日本人も巻き込まれるミャンマーでの特殊詐欺…垣間見えた「簡単に行けてしまう危うさ」

日本人の高校生2人が詐欺拠点で働かされていたというニュースは世間を驚かせた。例に漏れず、私も衝撃を受けた。愛知県に住む16歳の男子高校生はネット上でやり取りしていた相手から「特技を生かせる仕事がある」などと勧誘されたという。
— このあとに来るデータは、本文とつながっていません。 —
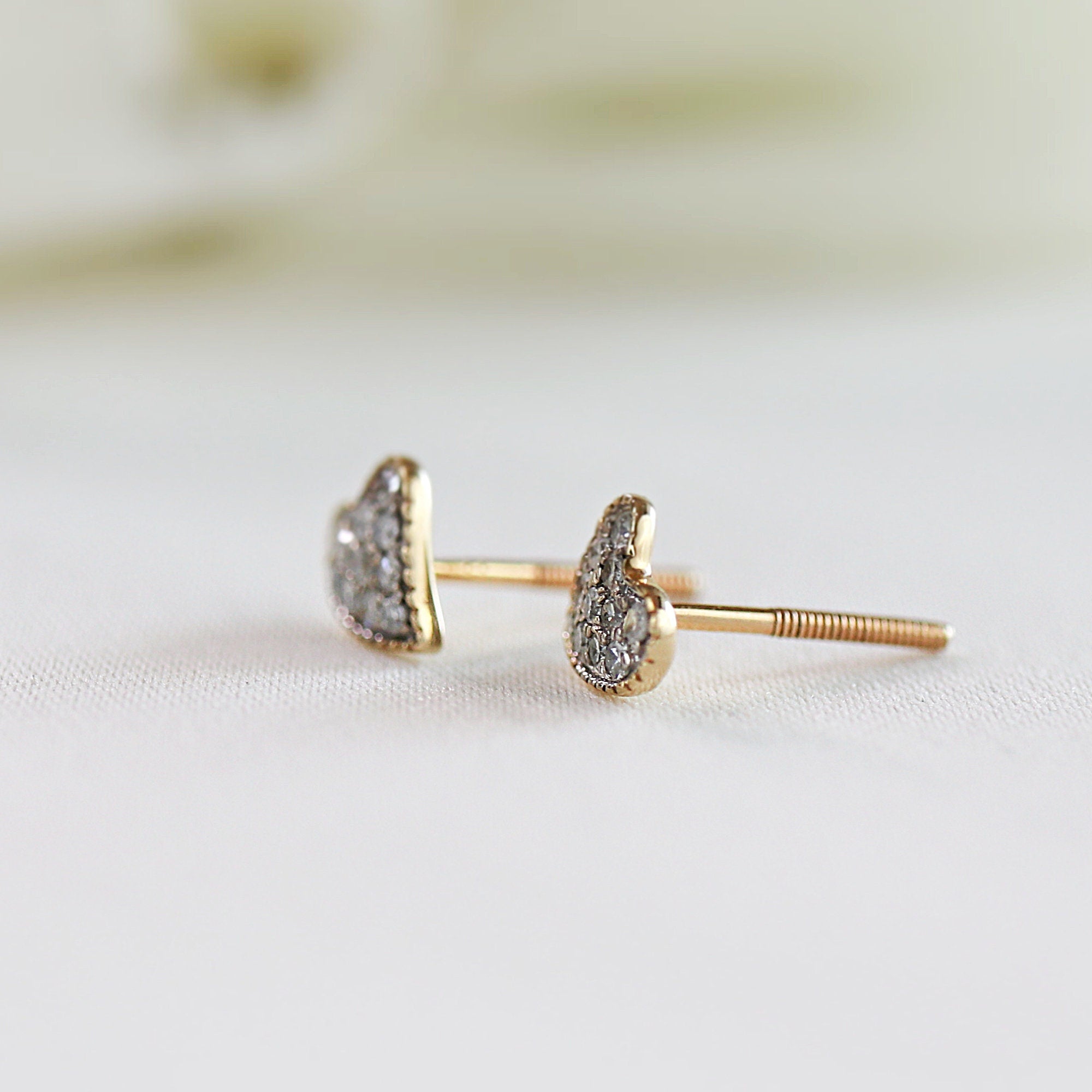 Cute Diamond Heart Earrings, 14k Solid Gold Diamond Screw Studs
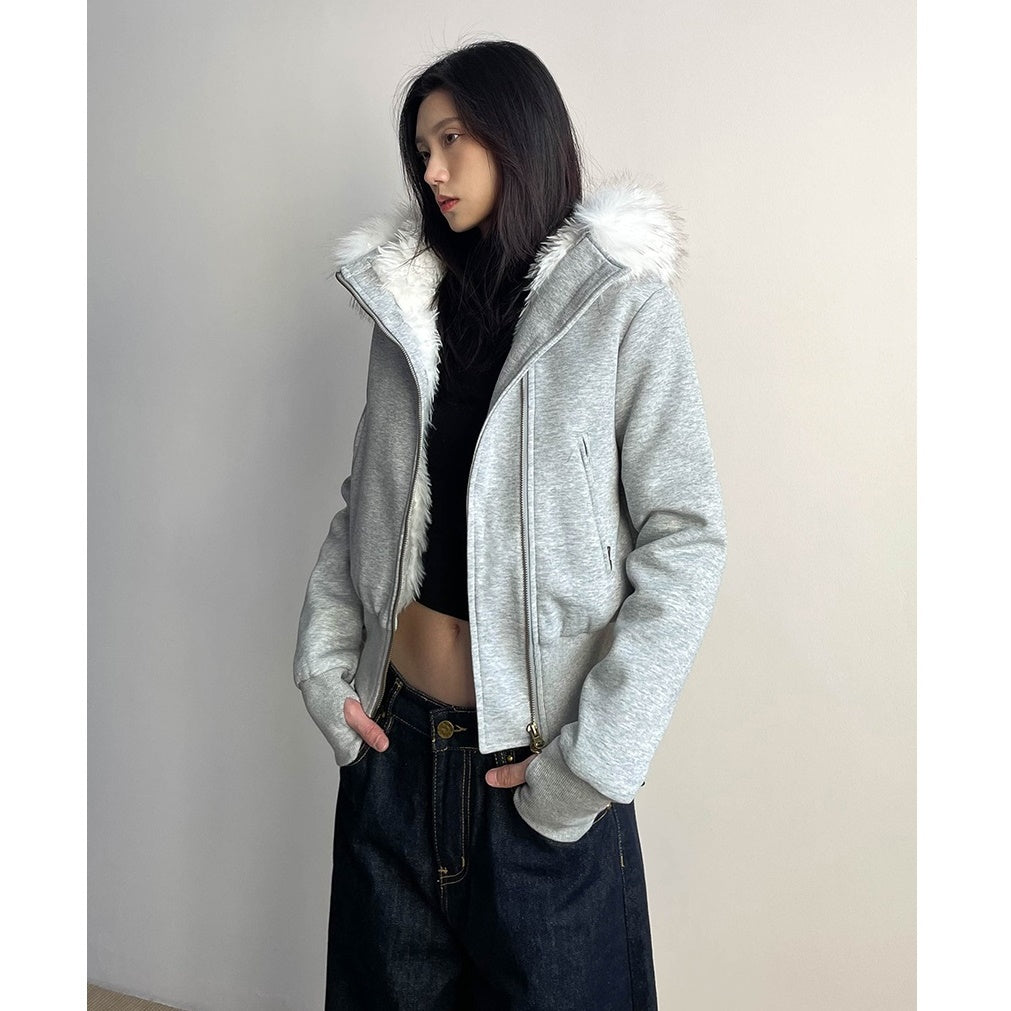 Fur Collar Short Hooded Sweat Jacket MW9763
メーソートを訪れる前、私は「日本から遠く離れた場所から特殊詐欺が行われているのか」と考えていたが、今回の取材を通して感じたのは「いとも簡単に詐欺拠点へと行けてしまう危うさ」だ。タイ当局が警戒を強めているものの、依然として国境となる川は歩いて渡れてしまいそうな場所があったり、検問のない小さな橋が架かっていたりと、正式な手続きを経ずに越境できてしまう状態だった。簡単に渡れる場所だからこそ、犯罪組織にとっては外国人を連れ込みやすいのだろう。

だが、対岸の詐欺拠点を間近に見たり、住民などから「暴力や殺人なども横行している」という話を直接聞いたりして、「絶対に行くべきではない場所」でもあると改めて感じた。闇バイトに応募して軽はずみに渡ってはいけない場所だ。

少数民族武装勢力が“取り締まり”を強化したことで、犯罪集団がカンボジアなど他の国に拠点を移しているとの情報もある。しかし、タイ当局は「犯罪集団がまだ活動を続けている」としている。少数民族武装勢力はもともと犯罪集団と利権でつながっていたと指摘されていて、“取り締まり”も国際社会からの批判をかわすための“その場しのぎ”のパフォーマンスなのかもしれない。

「ミャンマーとの国境の街」メーソートが「詐欺拠点に隣接する街」でなくなる日は来るのだろうか。いまだ複数の日本人がいるとされる詐欺拠点をめぐる動きを、今後も注視していく必要がある。